The placement of the point listed above is not derived from Interpolation, instead it is a known X, Y position from a GPS device or derived from satellite/aerial imagery.

Commonly asked Questions

  1. Q: Isn’t an S6 better than an S5?

A: An S6 can be considered more precise than an S5 if the user supplies an address, city, state and Zip. If a PO Box is allowed to be passed this Georesult will put the location at the Post office location.

  1. Q: What the difference between an S6 and a Z6?

A: From the standpoint of Longitude and Latitude, the answer is none. An S6 and a Z6 will put the location at the same point. However, the way they get there is different. For example: Let’s say that 111 Main St is the address for BIG, Inc. BIG sends and receives so much mail that the post office designates a zip code just for BIG. Due to its’ size, in both the eyes of the post office and the general public, a Longitude and Latitude is determined for 111 Main St. Therefore if someone were to enter just 12346 they would receive an Z6 because it is doing this via a Zip Code matching technique. However, if someone were to input the address of 111 Main St, Anytown, NY12346, the geocoder would yield an S6 result.

S4 - single close match, point located at the center of shape point path. This is an exact match on the Street Name, City, and Zip Code but not the Street number.
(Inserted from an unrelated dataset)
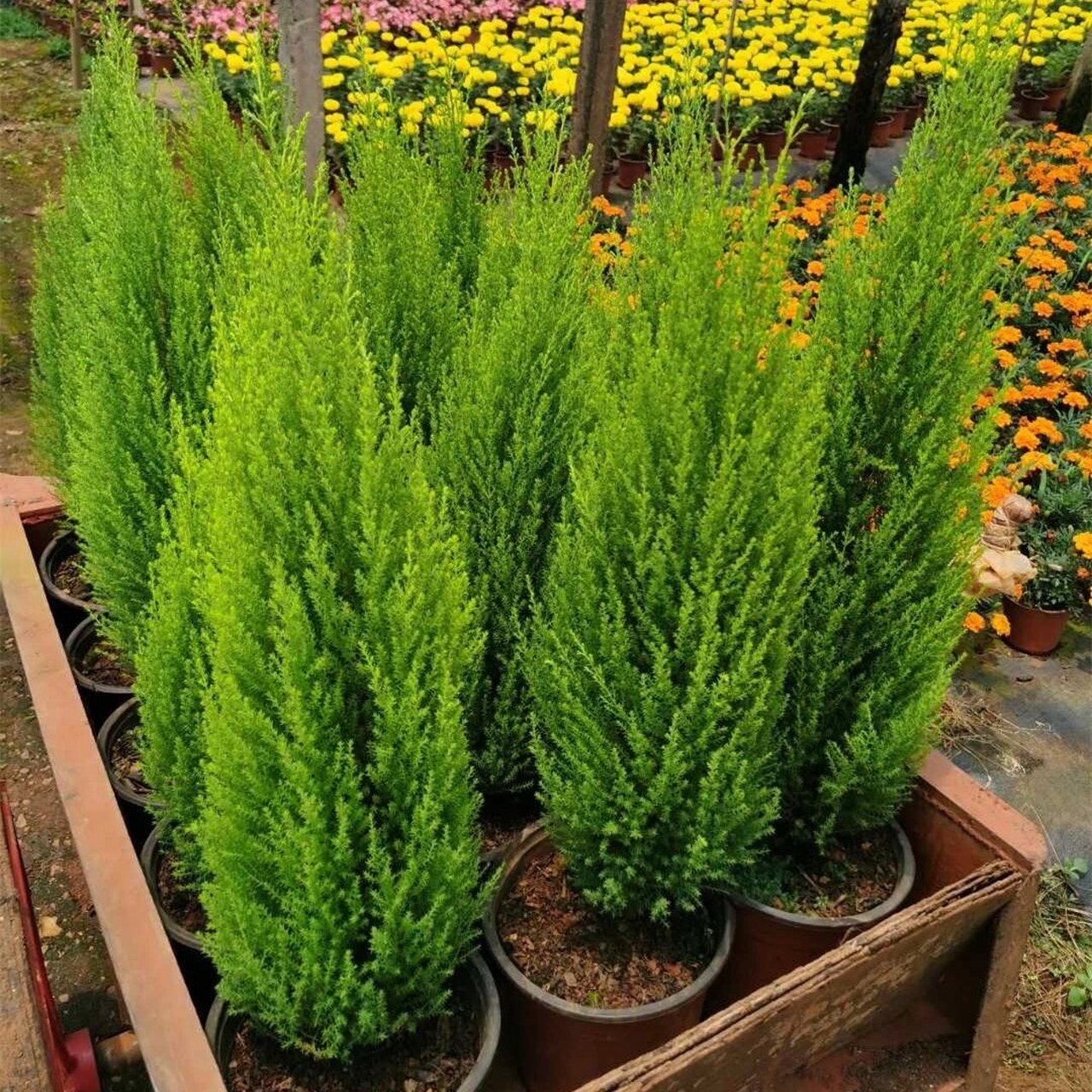 花境植物第158弹——香松 香松学名金冠柏,为柏科,柏木属常绿乔木,在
Matching Element in BOLD RED

111Main St, Anytown, NY12345-6789

An S4 is returned when the address entered corresponds to a street that does not contain address segments. The geocoder will place the point at the center of the line segment. In the case illustrated above, imagine that Main Street did not have any address ranges of 100-199 and as a result, the geocoder would place the point at the Centroid of the Line segment. If you look at the placement, you will see that this position is approximately 1/2 of the way up Main St and located in the center of the road.

Commonly asked Questions

  1. Q: How precise is an S4?

A: The Answer is dependent on the geography of the area. Much of the accuracy of the S4 is dependent on the line segment in question. If the S4 is generated off a street in a rural location, the accuracy can be off by hundreds if not thousands of feet. However, if the S4 is determined off of a line segment in a more concentrated area, the answer could be as about as accurate as an S5. The S4, is not nearly as common as the S5 and therefore the user should feel very comfortable with this result.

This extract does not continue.